It’s time to address an issue that plagues producers of all skill levels.  We see this with our students who are in the early stages of their music careers all the way to touring artists who have a catalog of music out in the world.  It’s the ability to actually finish music!  As most runners know, it’s one thing to run the fastest 20 miles of a marathon but if you can’t finish the last 6.2 miles, then you haven’t really earned the right to say you finished.  

Now, we don’t need to remind you of the importance of finishing music because, well, you need to have finished tracks to get anywhere in this industry.  This fact alone motivates some to finish more music however to others, it may create a certain level of fear that is stopping you from getting a finished product into the world.  Today we want to detail the ways that you can finish more music starting right now.  

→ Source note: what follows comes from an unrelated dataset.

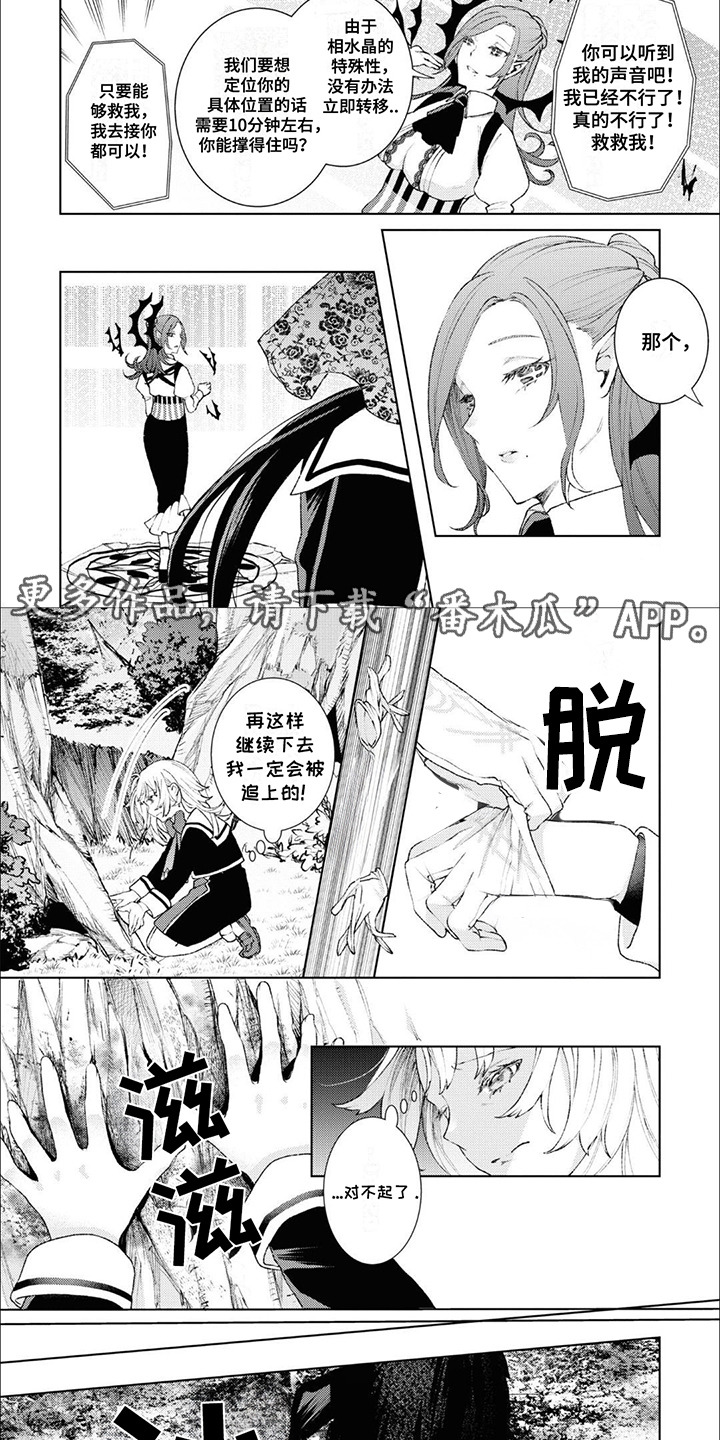 僵尸少女现在是什么样子漫画,第4话2图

4 Reasons You Aren’t Finishing Music

Before we dive into our tips for finishing more music let’s touch on a few of the reasons as to why you aren’t finishing music.  These are important to identify so that you understand how to work past the roadblocks in your process.  This list may or may not apply directly to you but as an exercise, take a hard look at your process and write down the reasons why you aren’t finishing your music.  You can then address each one as you go.  

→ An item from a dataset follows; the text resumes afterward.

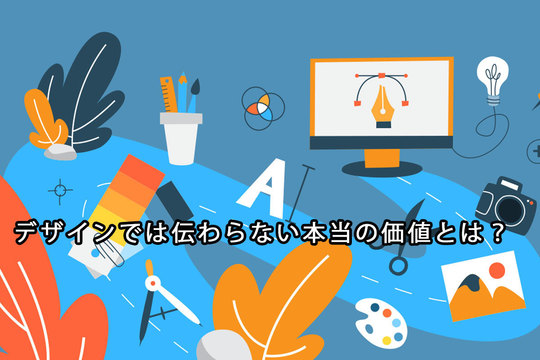価値が伝わらないホームページはもう終わっているのか？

Speaking generally, we’ve found that a lot of producers end up not finishing music because of (in no particular order):

1. You get tired of listening to your song 

This can be due to a lack of musical skills such as arrangement, theory, etc. and the ability to create a dynamic song.  It can also be because you are trying to create something that isn’t speaking to you on a personal level.  We often see this with young producers who are forcing themselves to create a specific style of music as opposed to creating what comes natural to them.

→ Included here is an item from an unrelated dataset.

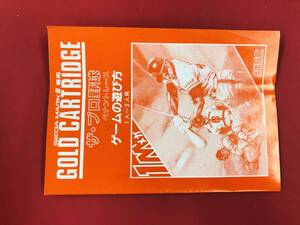 セガマークⅢ ザ・プロ野球ペナントレース 説明書 同梱可！即決！大量出品中！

2. You get distracted by social media, Youtube, TV, etc

In this day and age there are more distractions than ever.  It’s too easy to take a break and turn on Youtube or scroll through social media to see what’s going on in the world.  There are many articles out there about why this can be a bad thing for creatives.  If you are going to do any of these things, be sure to do them outside of your dedicated music-making time.

3. You are stressing too much about the finished product

For many young producers (and established ones as well) they put way too much stress on themselves to create a masterpiece.  This pertains especially to those who consider themselves to be a perfectionist.  By putting this undue stress on yourself it can make you second guess your process and your art.  This is something you will always deal with but like anything in life, it’s about finding the right balance.  Remember, you want to be finishing (quality) music and releasing it!  Besides, the best music in the world is full of imperfections!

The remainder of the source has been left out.